Re: [PATCH v5 09/26] KVM: VMX: nVMX: Support TSC scaling and PERF_GLOBAL_CTRL with enlightened VMCS

From: Sean Christopherson
Date: Fri Aug 19 2022 - 13:43:40 EST


On Fri, Aug 19, 2022, Vitaly Kuznetsov wrote:
> Sean Christopherson <seanjc@xxxxxxxxxx> writes:
>
> > On Tue, Aug 02, 2022, Vitaly Kuznetsov wrote:
> >> +static u32 evmcs_get_unsupported_ctls(struct kvm_vcpu *vcpu,
> >> + enum evmcs_unsupported_ctrl_type ctrl_type)
> >> +{
> >> + struct kvm_vcpu_hv *hv_vcpu = to_hv_vcpu(vcpu);
> >> + enum evmcs_revision evmcs_rev = EVMCSv1_2016;
> >> +
> >> + if (!hv_vcpu)
> >
> > This is a functiontal change, and I don't think it's correct either. Previously,
> > KVM would apply the EVMCSv1_2016 filter irrespective of whether or not
> > vcpu->arch.hyperv is non-NULL. nested_enable_evmcs() doesn't require a Hyper-V
> > vCPU, and AFAICT nothing requires a Hyper-V vCPU to use eVMCS.
>
> Indeed, this *is* correct after PATCH11 when we get rid of VMX feature
> MSR filtering for KVM-on-Hyper-V as the remaining use for
> evmcs_get_unsupported_ctls() is Hyper-V on KVM and hv_vcpu is not NULL
> there.

Hmm, nested_vmx_handle_enlightened_vmptrld() will fail without a Hyper-V vCPU, so
filtering eVMCS control iff there's a Hyper-V vCPU makes sense. But that's a guest
visible change and should be a separate patch.

But that also raises the question of whether or not KVM should honor hyperv_enabled
when filtering MSRs. Same question for nested VM-Enter. nested_enlightened_vmentry()
will "fail" without an assist page, and the guest can't set the assist page without
hyperv_enabled==true, but nothing prevents the host from stuffing the assist page.
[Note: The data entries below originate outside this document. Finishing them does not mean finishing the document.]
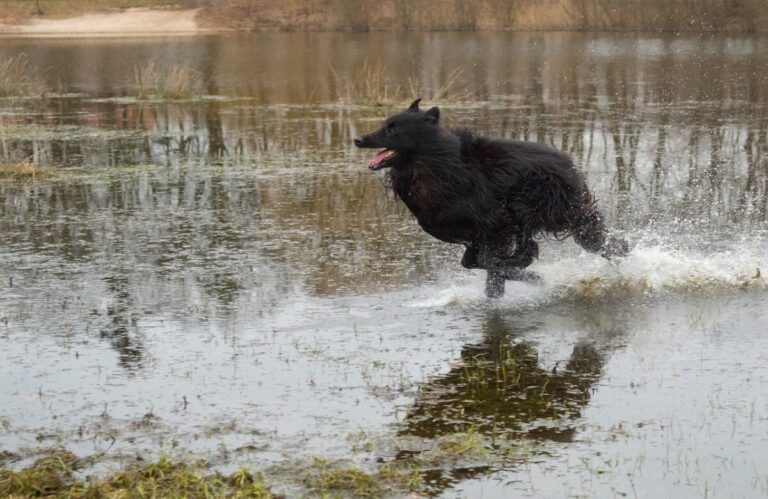 Comment gérer un chien hyperactif ?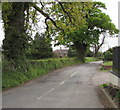 Bannuttree Lane trees, Bridstow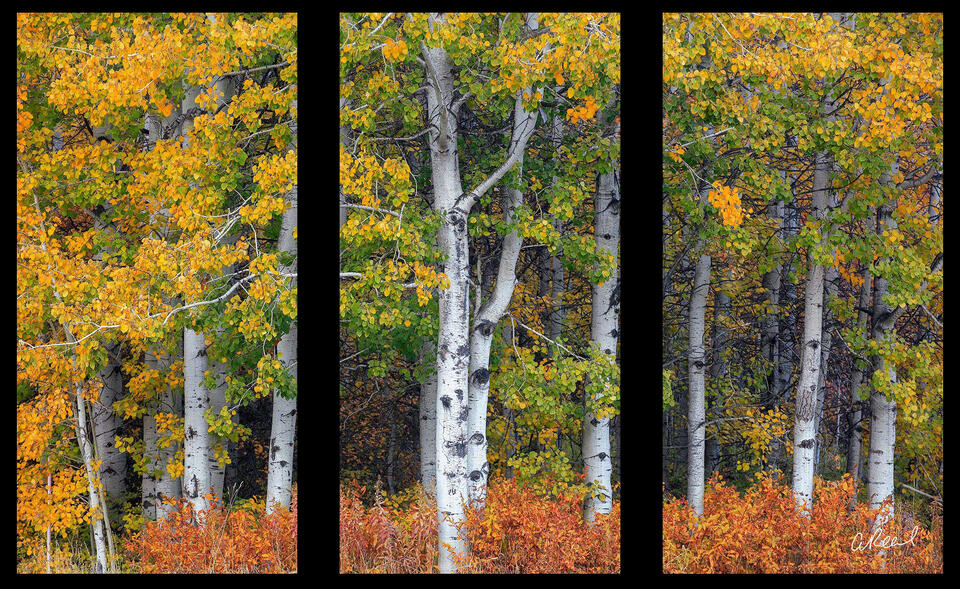 Lemon Lime Triptych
And on a very related topic, the handling of kvm_hv_vcpu_init() in kvm_hv_set_cpuid()
is buggy. KVM will not report an error to userspace for KVM_SET_CPUID2 if allocation
fails. If a later operation successfully create a Hyper-V vCPU, KVM will chug along
with Hyper-V enabled but without having cached the relevant Hyper-V CPUID info.

Less important is that kvm_hv_set_cpuid() should also zero out the CPUID cache if
Hyper-V is disabled. I'm pretty sure sure all paths check hyperv_enabled before
consuming cpuid_cache, but it's unnecessarily risky.

If we fix the kvm_hv_set_cpuid() allocation failure, then we can also guarantee
that vcpu->arch.hyperv is non-NULL if vcpu->arch.hyperv_enabled==true. And then
we can add gate guest eVMCS flow on hyperv_enabled, and evmcs_get_unsupported_ctls()
can then WARN if hv_vcpu is NULL.

Assuming I'm not overlooking something, I'll fold in yet more patches.